Data extract =>
============================================================
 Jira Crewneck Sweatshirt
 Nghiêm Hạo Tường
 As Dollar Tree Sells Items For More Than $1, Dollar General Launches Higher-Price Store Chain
============================================================
Work required => Copy each line exactly, from the line containing "Nghiêm Hạo Tường" down to the last line of the material, and no other lines.

Solution to this exercise =>
 Nghiêm Hạo Tường
 As Dollar Tree Sells Items For More Than $1, Dollar General Launches Higher-Price Store Chain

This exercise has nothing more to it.